A Tyrone man has been found guilty of the “cold, calculating murder” of his ex-fiancee seven years ago.
The body of Charlotte Murray, 34, from Omagh, has never been found.
However, in a unanimous decision, a jury found Johnny Miller, from Redford Park in Dungannon, killed her between 31 October and 2 November 2012.
Afterwards, Charlotte’ s identical twin sister Denise read a statement outside court appealing for Miller to let the family know where her body is.
“We still don’t have Charlotte back,” she said.
“We are now appealing to Mr Miller to do the decent thing, the honourable thing and let us know where Charlotte is so we can bring her home.”
The family’s call was echoed by the police.
The 48-year-old chef had been engaged to Ms Murray and was the last person to see her alive.
Miller shook his head as the judge told him he was sentencing him to life in prison.
A further hearing will take place next month to set a minimum term.
Members of Ms Murray’s family, including her mother and twin sister, who had been in court throughout the trial, cried and hugged each other.
Miller had insisted throughout the four-week trial at Dungannon Crown Court that he did not kill Ms Murray and he did not believe she was dead.
However, the prosecution said the strands of circumstantial evidence pointed to Ms Murray being dead and that Miller had murdered her.
The lawyer alleged Miller had done so in a “murderous rage” because he had been “lied to, betrayed and cuckolded” and on the morning of her disappearance she had emailed him explicit images of her with his friend.
He had searched the internet for pawn shops to sell their engagement ring, however this was shown to have been several minutes before he had received the explicit images.
Miller’s evidence she had left to start a new life in Belfast had been described as “riddled with inconsistencies, inaccuracies and downright lies”.
His attempts to “lay a false trail” that Ms Murray was alive had been exposed, according to the prosecution, by mobile telephone and computer data.

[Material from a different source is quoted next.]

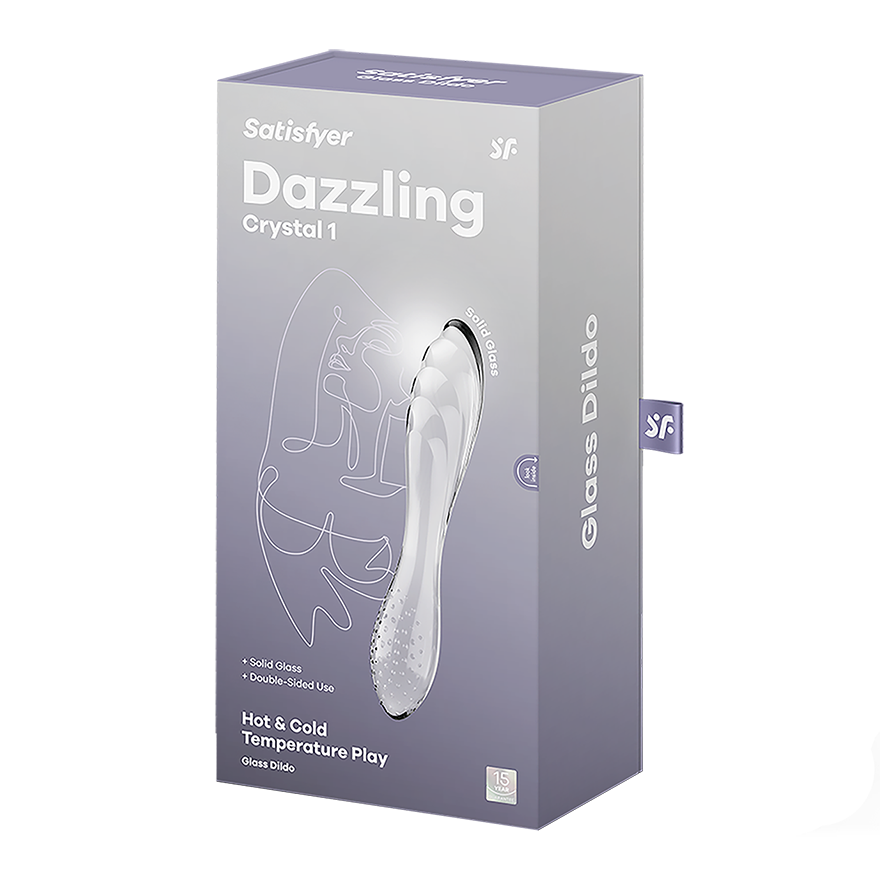 Stekleni dildo Satisfyer Dazzling Crystal 1 Pregleden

The prosecution said this had revealed Mr Miller had used Ms Murray’s phone to send text messages during the two weeks after her disappearance and he had posted a message on her Facebook account saying she had to leave.
The data showed Ms Murray’s phone had connected to mobile phone cell sites covering the area of Roxborough Heights in Moy – where the couple lived – and had never travelled to Belfast after the time she went missing.